Web page caption snippets
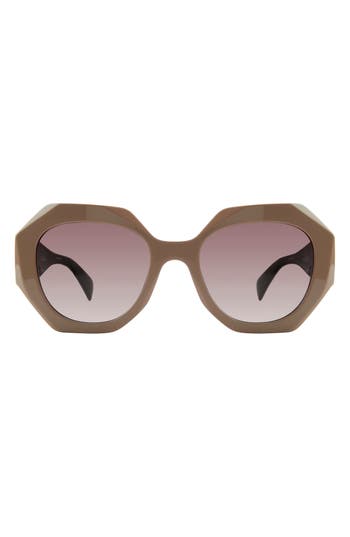 Rag & Bone 53mm Rectangular Sunglasses In Brown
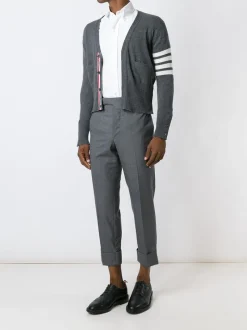 Knitwear>THOM BROWNE Classic V Neck Cardigan With White 4 Bar Stripe In Cashmere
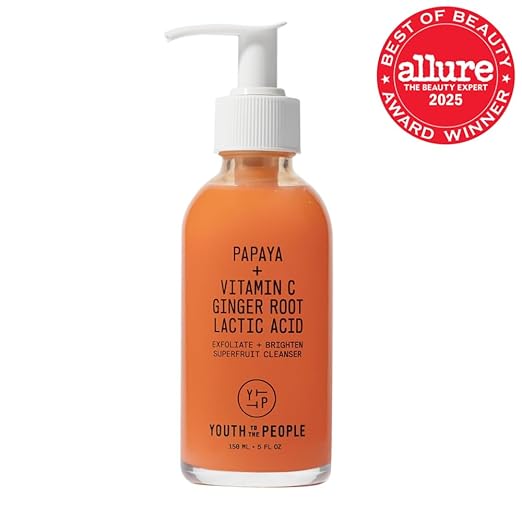 Youth To The People Superfruit Facial Cleanser - Papaya + Vitamin C Gentle Exfoliating Face Wash Cellular Skin Renewal with AHA + BHA Evens Skin Tone &amp Texture for Soft + Radiant Skin Sulfate-f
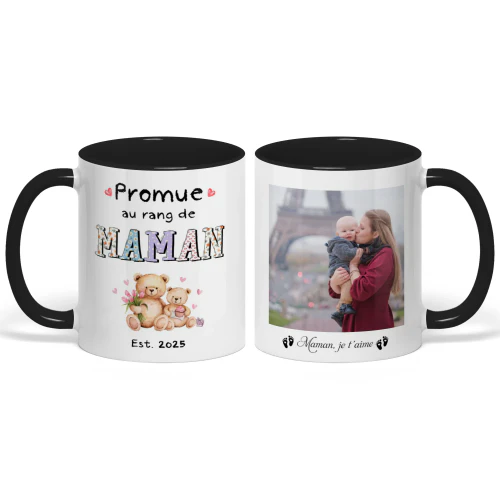 Mug Bicolore Personnalisé Pour Nouvelle Maman | Premier Cadeau Fête des Mères Pour Nouvelle Maman | Promue Maman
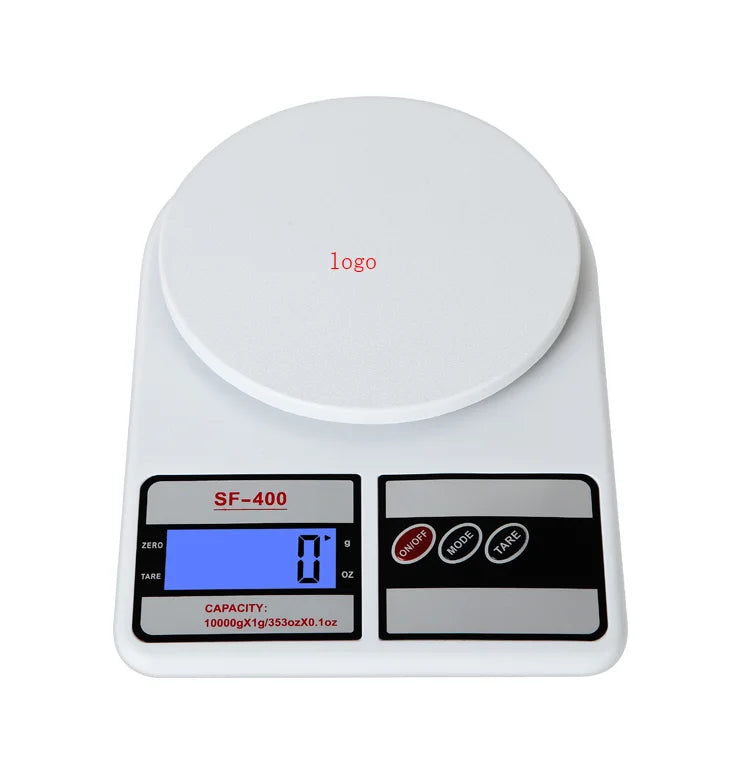 Wholesale SF-400 White Electronic Food Scale 10kg Digital LCD Display 7kg 5kg 1g ABS Plastic Kitchen Scales Battery Powered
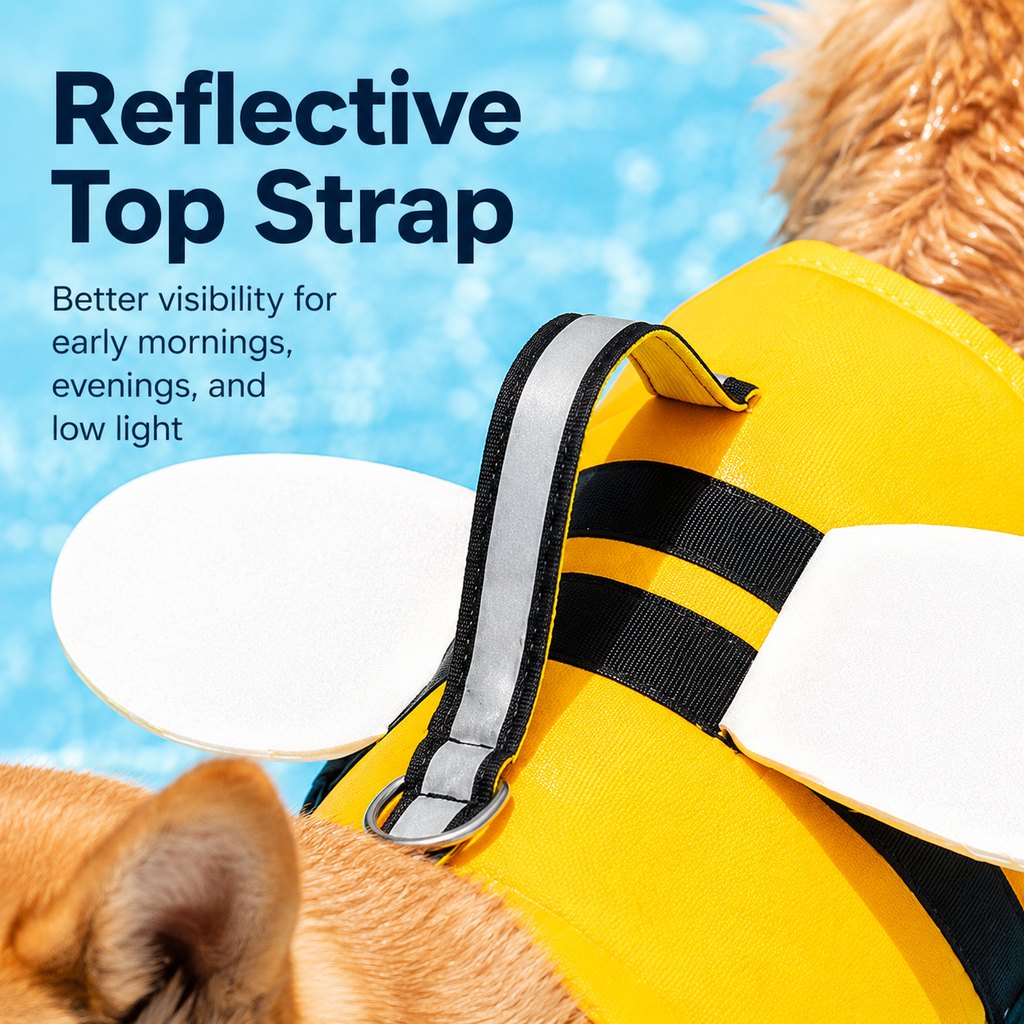 High-Visibility Chin Float & Rescue Handle Dog Life Jacket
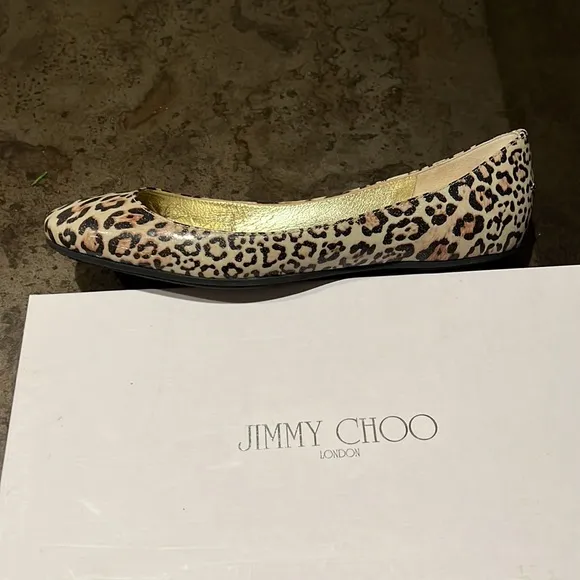 Jimmy Choo Leopard Print Patent Skimmers/Ballet Flats  38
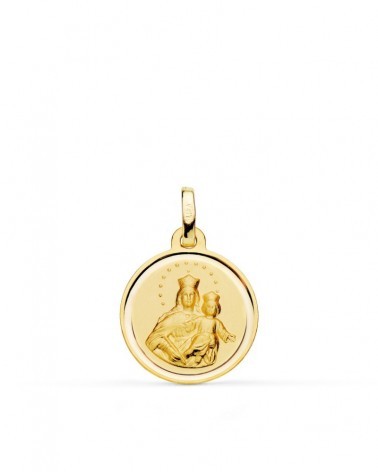 Medalla oro 18k Virgen María Auxiliadora 16mm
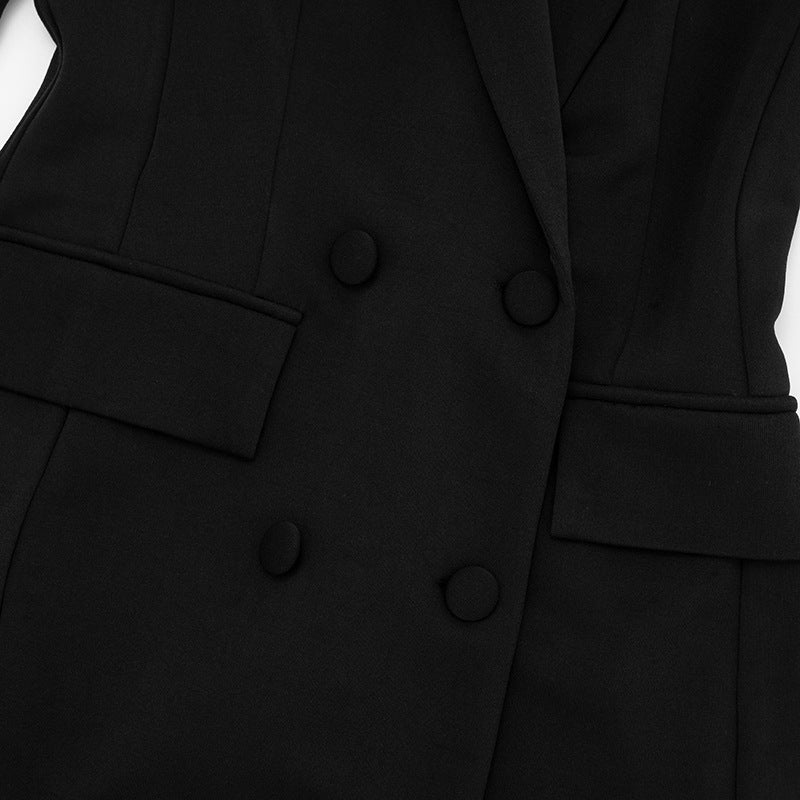 Long sleeve turnover collar solid mini dress | Festival Outfits Women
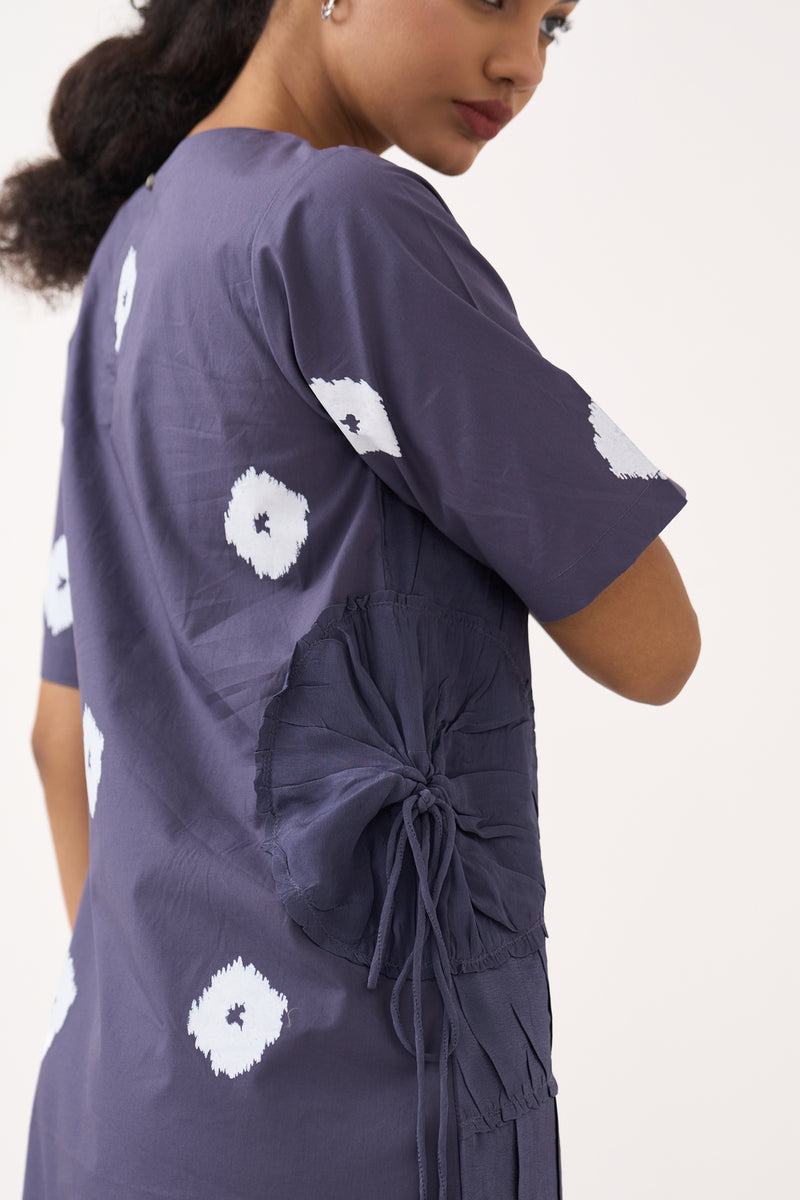 Block Print Multi Drawstring Dress-Ash Violet poplin, silk crepe dress by THREE in voilet for women Worldwide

▸ **TASK OBJECTIVE**:
Retype every entry exactly, but keep the pictures out of your copy.

▸ **YOUR SOLUTION**:
 Rag & Bone 53mm Rectangular Sunglasses In Brown
 Knitwear>THOM BROWNE Classic V Neck Cardigan With White 4 Bar Stripe In Cashmere
 Youth To The People Superfruit Facial Cleanser - Papaya + Vitamin C Gentle Exfoliating Face Wash Cellular Skin Renewal with AHA + BHA Evens Skin Tone &amp Texture for Soft + Radiant Skin Sulfate-f
 Mug Bicolore Personnalisé Pour Nouvelle Maman | Premier Cadeau Fête des Mères Pour Nouvelle Maman | Promue Maman
 Wholesale SF-400 White Electronic Food Scale 10kg Digital LCD Display 7kg 5kg 1g ABS Plastic Kitchen Scales Battery Powered
 High-Visibility Chin Float & Rescue Handle Dog Life Jacket
 Jimmy Choo Leopard Print Patent Skimmers/Ballet Flats  38
 Medalla oro 18k Virgen María Auxiliadora 16mm
 Long sleeve turnover collar solid mini dress | Festival Outfits Women
 Block Print Multi Drawstring Dress-Ash Violet poplin, silk crepe dress by THREE in voilet for women Worldwide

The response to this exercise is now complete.